*TASK TO CARRY OUT:* What you write must match, character for character, the lines from the one with "Allegra K Women's" down to the one with "Scotland Viking Ravens" in the listing below, minus its pictures.

┌─ SOURCE DATA

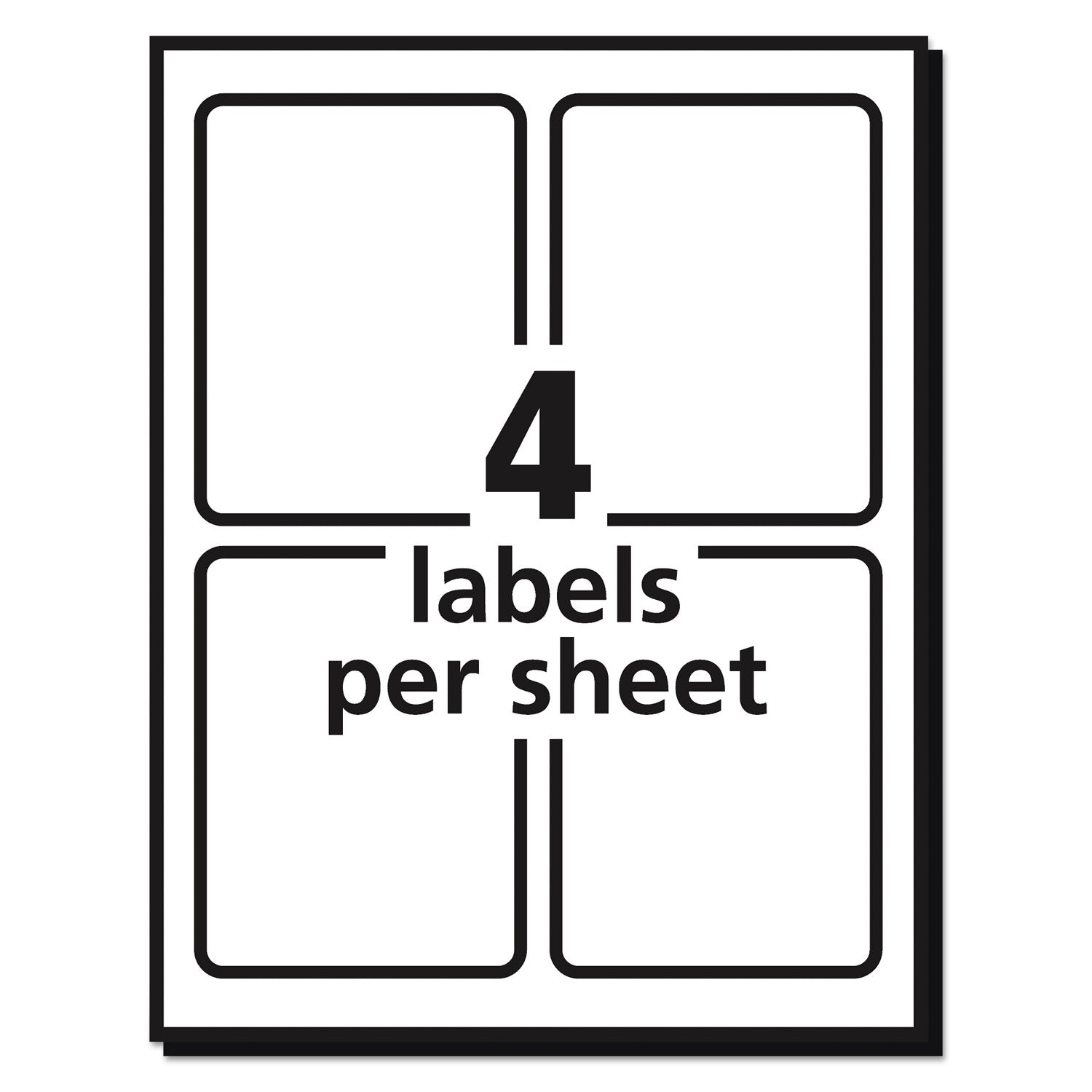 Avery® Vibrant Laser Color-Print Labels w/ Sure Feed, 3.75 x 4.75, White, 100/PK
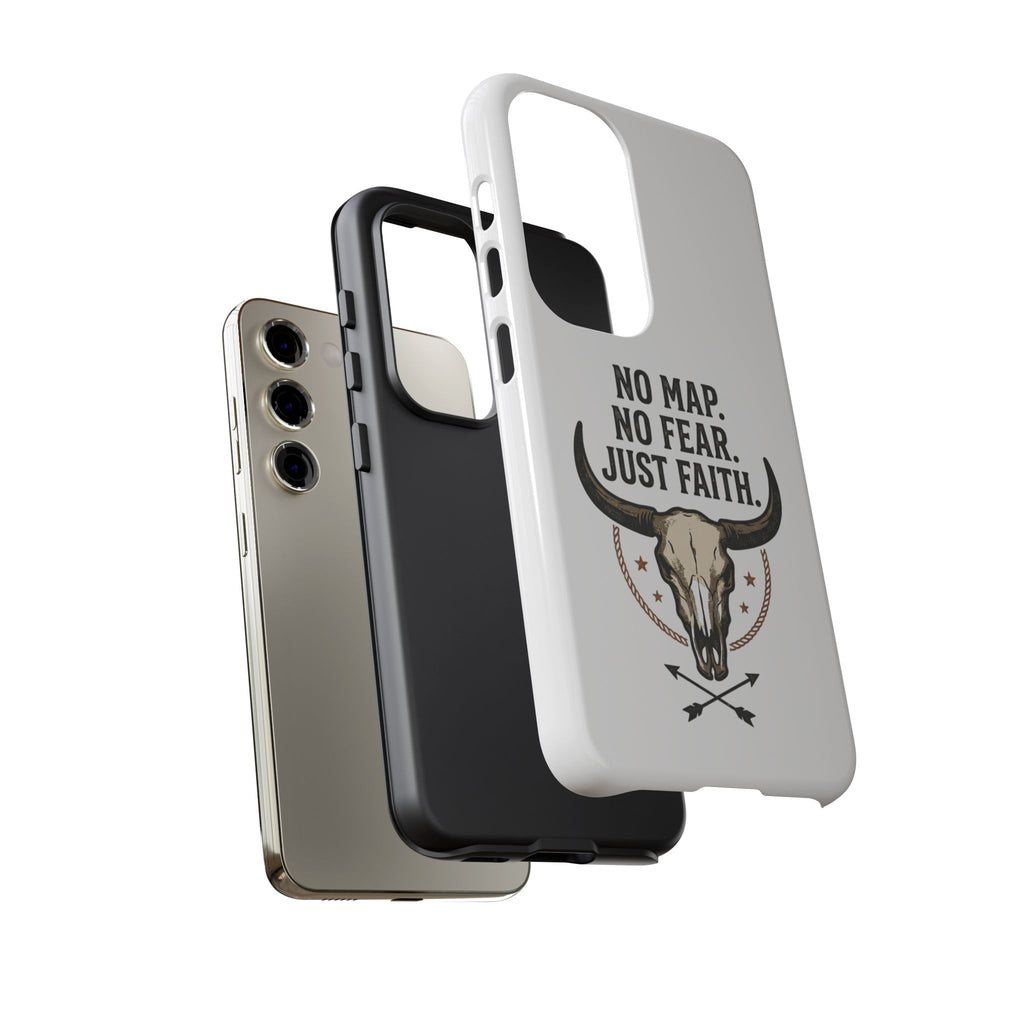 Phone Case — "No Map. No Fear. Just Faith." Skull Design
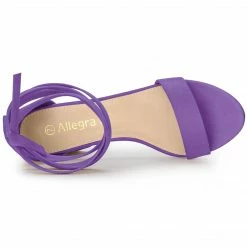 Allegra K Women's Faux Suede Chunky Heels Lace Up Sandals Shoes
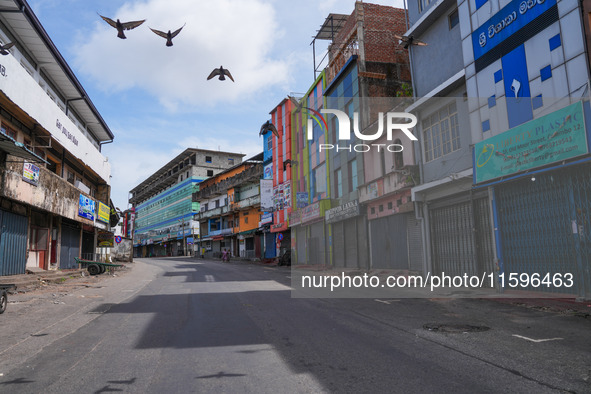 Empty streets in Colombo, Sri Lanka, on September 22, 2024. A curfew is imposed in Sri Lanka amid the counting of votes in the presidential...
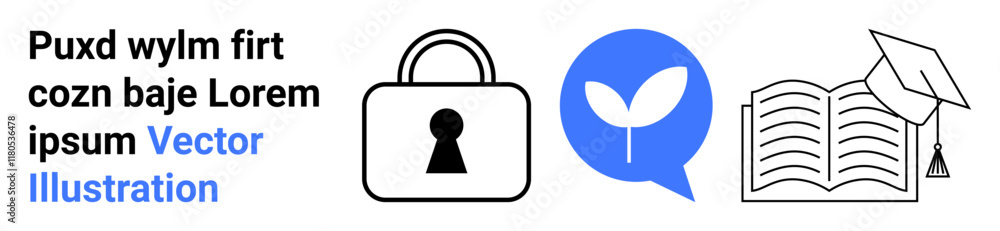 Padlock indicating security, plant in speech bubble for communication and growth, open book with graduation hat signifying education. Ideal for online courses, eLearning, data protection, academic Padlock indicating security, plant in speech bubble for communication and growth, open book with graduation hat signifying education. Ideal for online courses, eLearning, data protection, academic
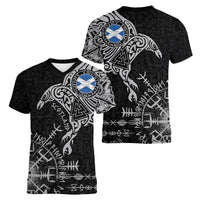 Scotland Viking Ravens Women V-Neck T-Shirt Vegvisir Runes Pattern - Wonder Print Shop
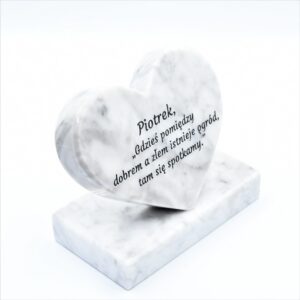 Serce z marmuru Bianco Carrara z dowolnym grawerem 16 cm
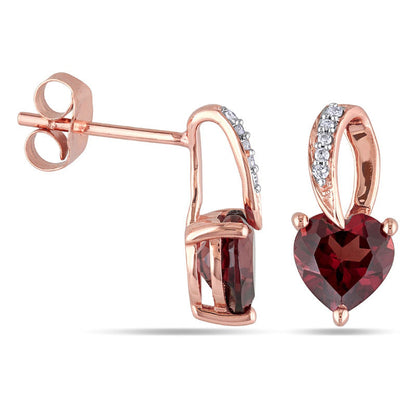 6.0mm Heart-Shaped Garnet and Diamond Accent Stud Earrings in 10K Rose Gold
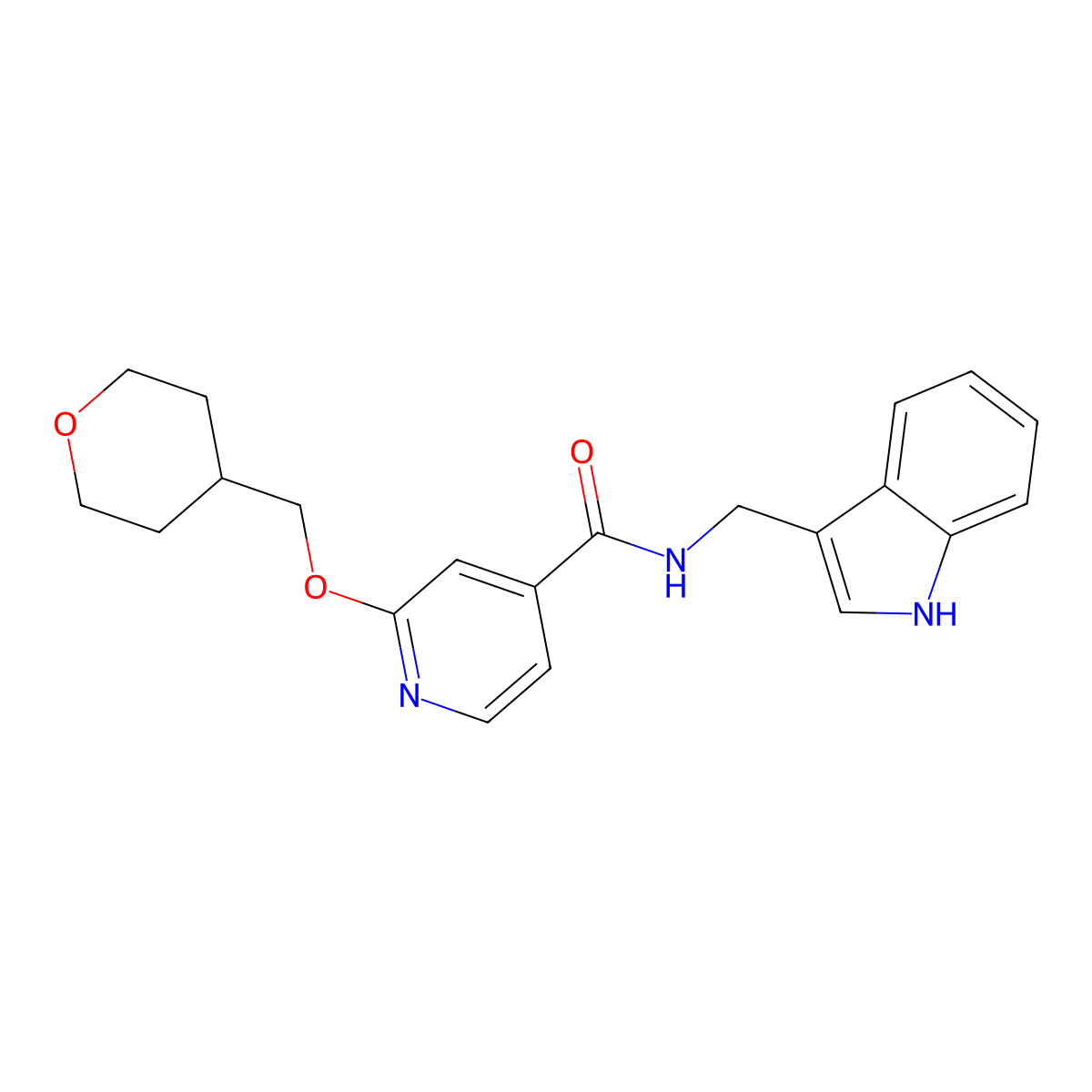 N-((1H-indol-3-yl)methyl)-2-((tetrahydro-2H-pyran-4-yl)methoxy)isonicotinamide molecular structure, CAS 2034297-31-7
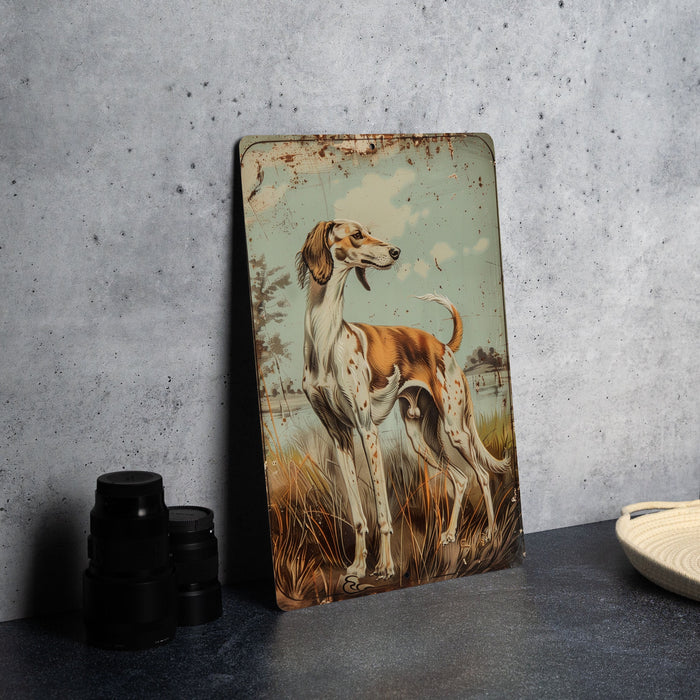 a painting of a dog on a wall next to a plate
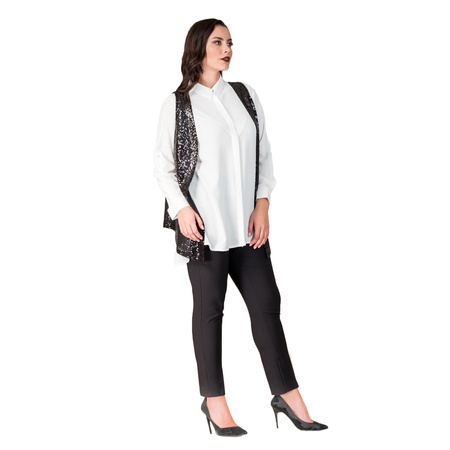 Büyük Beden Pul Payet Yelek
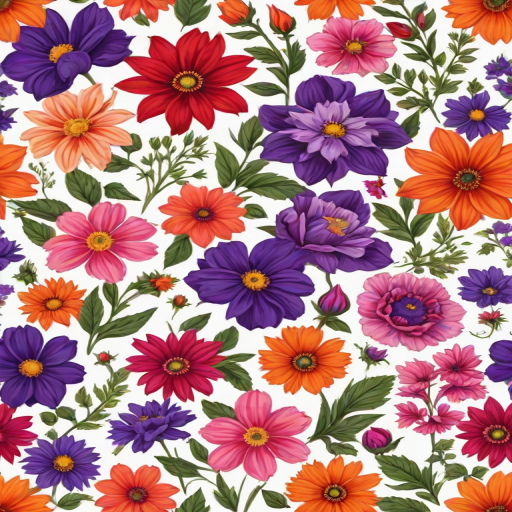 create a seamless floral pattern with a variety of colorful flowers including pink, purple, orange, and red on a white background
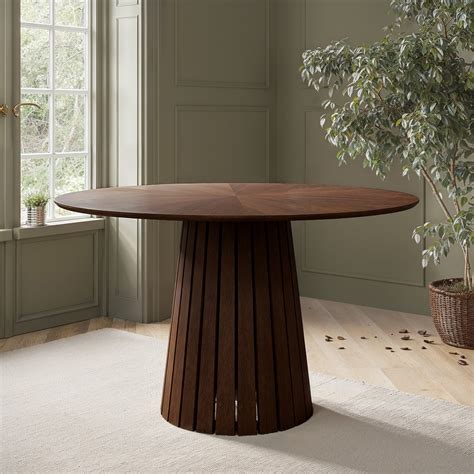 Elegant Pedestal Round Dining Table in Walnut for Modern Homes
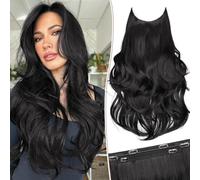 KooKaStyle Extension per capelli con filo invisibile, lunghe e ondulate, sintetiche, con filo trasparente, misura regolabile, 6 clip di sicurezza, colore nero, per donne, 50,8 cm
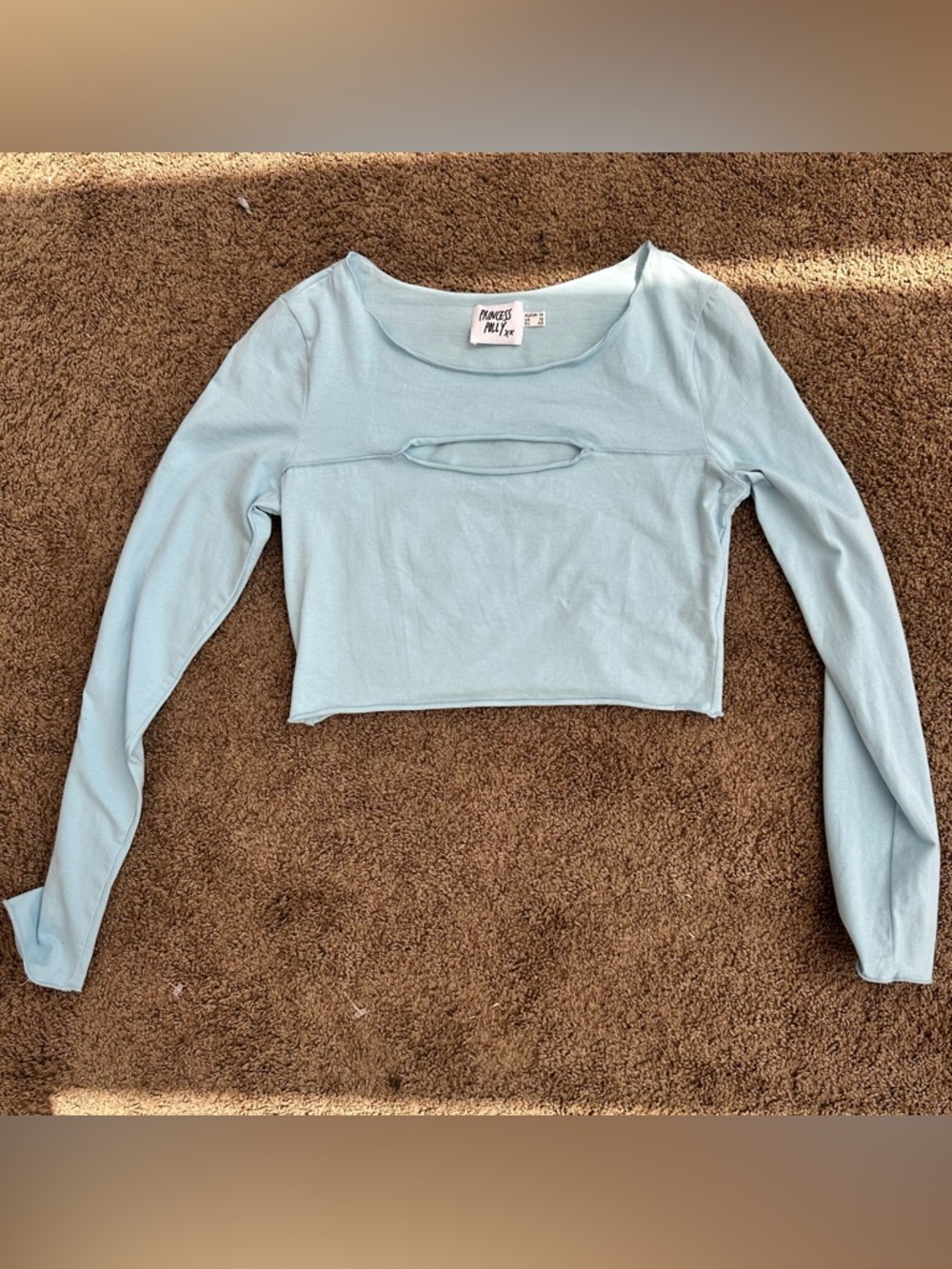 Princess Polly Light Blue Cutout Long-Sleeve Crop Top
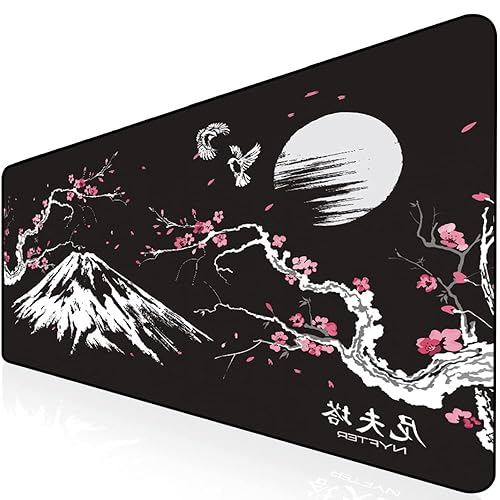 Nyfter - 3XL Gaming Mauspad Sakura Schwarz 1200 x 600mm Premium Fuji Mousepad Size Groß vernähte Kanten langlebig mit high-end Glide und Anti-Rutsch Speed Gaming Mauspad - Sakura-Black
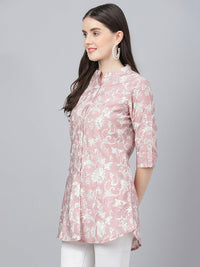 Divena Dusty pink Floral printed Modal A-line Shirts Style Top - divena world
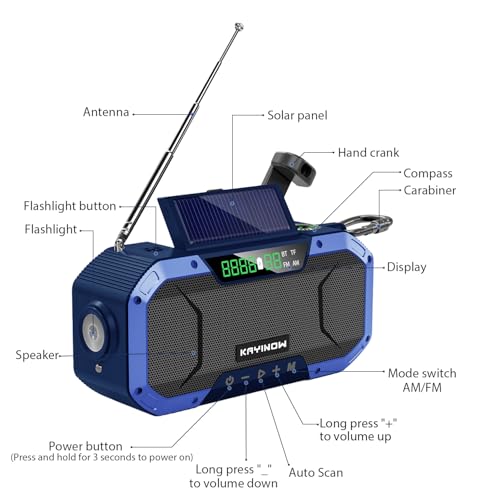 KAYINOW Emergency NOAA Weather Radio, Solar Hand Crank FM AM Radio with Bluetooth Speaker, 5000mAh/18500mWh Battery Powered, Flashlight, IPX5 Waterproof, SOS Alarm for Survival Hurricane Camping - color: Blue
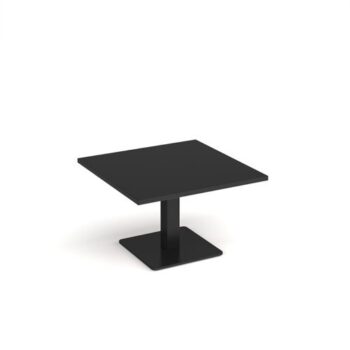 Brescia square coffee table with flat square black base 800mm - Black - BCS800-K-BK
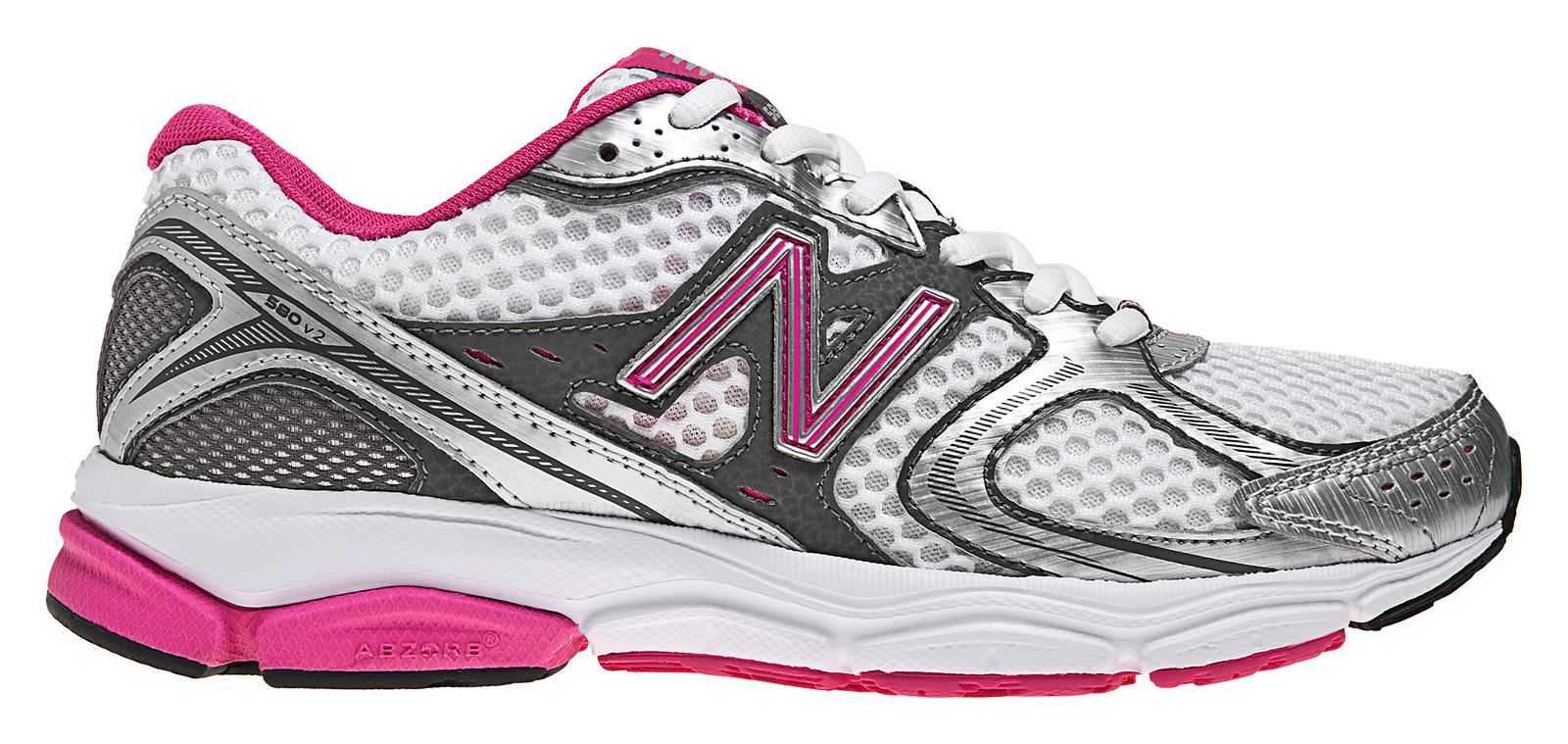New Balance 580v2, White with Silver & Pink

└─

*RESPONSE AREA:*
 Allegra K Women's Faux Suede Chunky Heels Lace Up Sandals Shoes
 Empty streets in Colombo, Sri Lanka, on September 22, 2024. A curfew is imposed in Sri Lanka amid the counting of votes in the presidential...
 Padlock indicating security, plant in speech bubble for communication and growth, open book with graduation hat signifying education. Ideal for online courses, eLearning, data protection, academic Padlock indicating security, plant in speech bubble for communication and growth, open book with graduation hat signifying education. Ideal for online courses, eLearning, data protection, academic
 Scotland Viking Ravens Women V-Neck T-Shirt Vegvisir Runes Pattern - Wonder Print Shop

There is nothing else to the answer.